A family of petty criminals grift their way through life. They steal from post offices, steal property to return for rewards, and commit insurance fraud. The daughter Old Dolio Dyne (Evan Rachel Wood) seems distant from her parents (Richard Jenkins and Debra Winger). Tensions rise when her parents involve a new person in their heist (Gina Rodriguez).
Kajillionaire is a quirky comedy that’s similar in style and humour to last year’s The Art of Self Defense. However it is potentially an even dark film than that. The crimes of the family range from petty to truly awful. The audience has an excellent surrogate in Gina Rodriguez’s Melanie who’s role is to properly contextualise the families bizarre and indifferent behaviour. But she has her own excellent timing and pathos.
The cast are excellent but it’s Evan Rachel Wood that stands out. Her comedic creation feels instantly iconic. She’s presenting as a 90s grunge teen with a voice that sounds like she’s trying to play a younger boy (think Pamela Aldon as Bobby Hill or Beth May as Ron Stampler if you’d prefer a more niche reference). She has this hilariously rigid physicality but her naivete and awkwardness makes her incredibly endearing. Wood knows exactly how to balance the huckster against the unloved child.

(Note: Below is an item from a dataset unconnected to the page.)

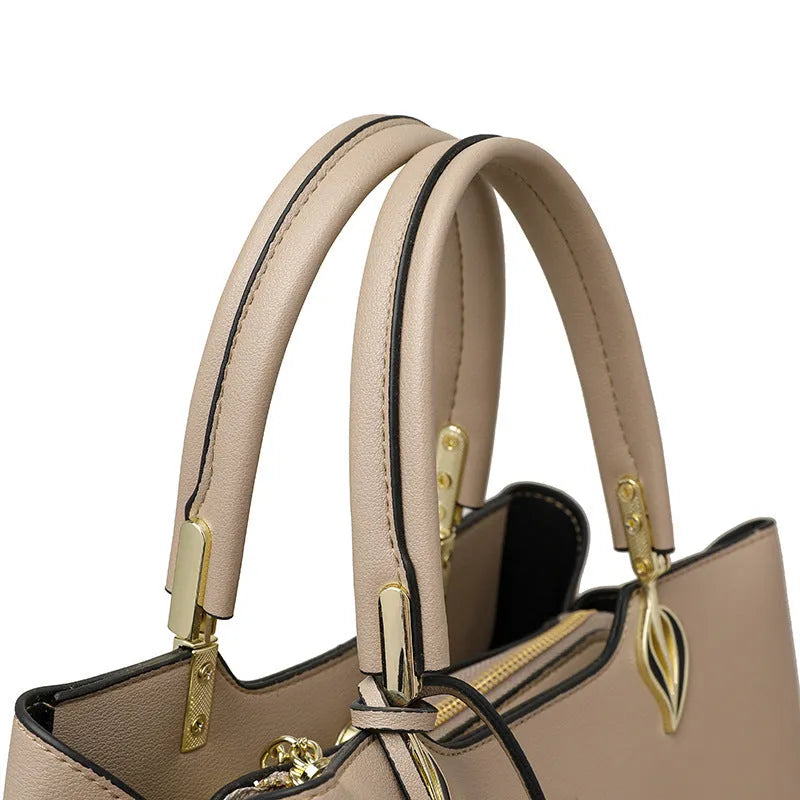 Women's PU leather messenger bag with multiple compartments and adjustable shoulder strap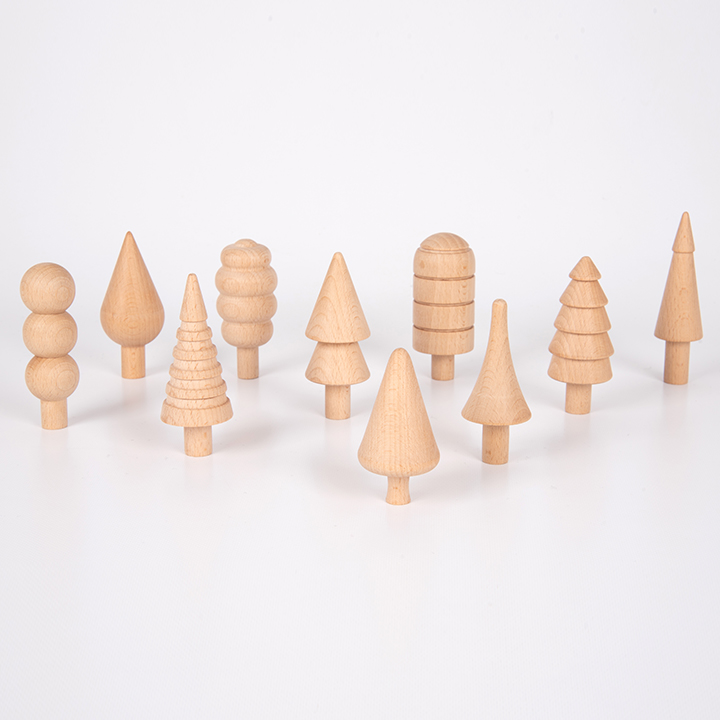 Wooden trees in different shapes and sizes stood next to one another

The focus of the film is family. There’s every indication that Old Dolio’s parents have chosen this lifestyle and forced their daughter to share their lifestyle. She has come to regard her parents as business partners who share risk and rewards but no affection. This is perhaps a film about living with parents who are addicted to an unhealthy lifestyle.
The film introduces setups that will build to fine comedic and emotionally significant moments. There are little call backs that suggest this will be a rewarding film to revisit, but the film is also planting seeds that will be significant in it’s larger story beats. The final sequence of the film would make no sense out of context but with the rules of communication between these odd family members fully explored, the message and motivation behind it are fully apparent and tragically beautiful.
Director Miranda July has expertly crafted this black comedy. It’s a wonderfully paced character study with fantastic performances throughout the cast. It’s also warm in an unaffectedly tough way and even sweet. It’s about a very unusual family and the immense struggle to find sincere methods of expression. Kajillionaire is one such expression.